Em 1986, Horowitz voltou à Rússia, mãe ingrata. Apresentou-se diversas vezes, teve seu talento finalmente reconhecido, e terminou endeusado. Mas não foi um retorno definitivo: conforme seu desejo expresso, quis o destino que ele se juntasse à família Toscanini, em Milão, onde passou a repousar para sempre ao lado da esposa e filha do maestro – amada cuja morte havia sido responsável pelo único período improdutivo e silencioso da vida do pianista, mercê de um infortúnio que quase o levara à loucura.
As perseguições contra a música e os músicos, em sua quase totalidade, foram políticas. No Brasil, os censores enxergavam “subversão” em tudo, sob a falsa bandeira do perigo comunista, coisa que via nos inofensivos Chico Buarque e Vandré e tantas outras “potenciais ameaças”. Eu mesmo, antes de um simples festival estudantil de 2º grau de colégios, sofri um veto por causa de uma frase, uma simples frase: “um grito vivo de verdade”. O que viram naquelas cinco palavras, não sei. Porém, corriam perigo apenas as letras das músicas, pois de estética os “nossos”censores não entendiam lhufas.
Outra ameaça atacou impiedosamente a estética, principalmente a do regime soviético, caindo sobre a chamada música clássica, isso para não falar de outras formas de arte, como a pintura e a literatura. “Eles não falam do mar e dos peixes / nem deixam ver a moça, pura canção / nem ver nascer a flor…” (Milton).

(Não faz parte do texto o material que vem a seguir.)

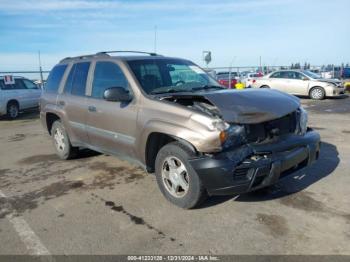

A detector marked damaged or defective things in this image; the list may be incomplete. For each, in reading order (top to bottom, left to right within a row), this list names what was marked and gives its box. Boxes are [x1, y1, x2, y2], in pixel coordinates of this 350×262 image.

crash damage on hood [161, 88, 300, 124]
crumpled front hood [196, 89, 300, 124]
damaged front bumper [189, 128, 320, 194]
detached bumper cover [189, 130, 320, 195]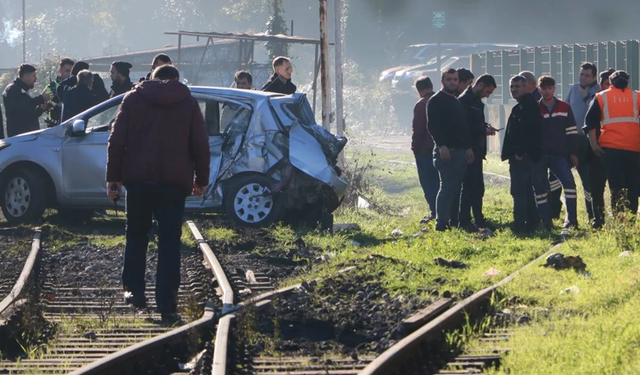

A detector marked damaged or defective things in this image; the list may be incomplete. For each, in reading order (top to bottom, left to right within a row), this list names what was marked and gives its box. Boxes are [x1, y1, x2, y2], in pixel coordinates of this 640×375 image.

damaged silver car [0, 88, 348, 228]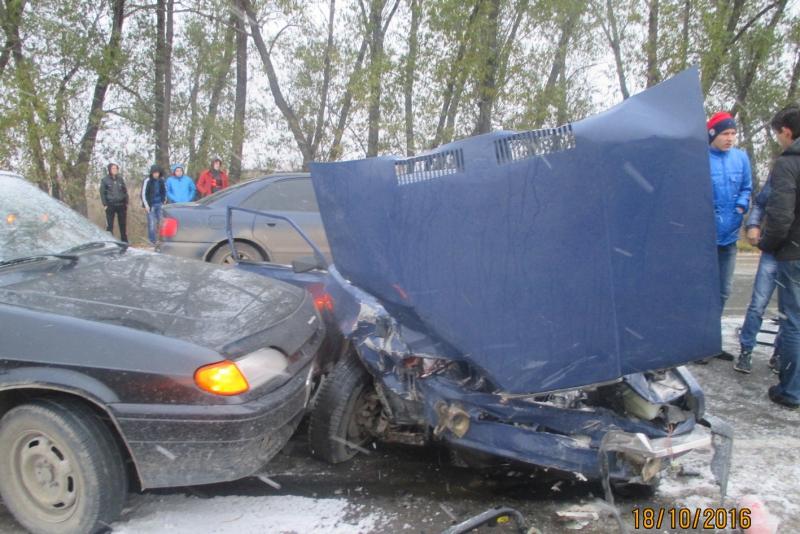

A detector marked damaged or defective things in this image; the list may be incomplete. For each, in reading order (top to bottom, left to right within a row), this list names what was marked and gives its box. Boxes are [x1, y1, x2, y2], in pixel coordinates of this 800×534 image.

damaged blue car [231, 69, 732, 500]
crumpled blue hood [310, 67, 720, 396]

Era o chamado realismo socialista – não falo dos social democratas que hoje carregam o rótulo de socialistas e comunistas no peito. Rezavam que a arte deveria apenas retratar a crítica social (aos capitalistas, claro) e enaltecer a perfeição do então “novo”regime. E isso se espalhou como prática até nas células dos PCs do mundo inteiro. Mas sobrevivemos a tudo isso,e prosseguiremos!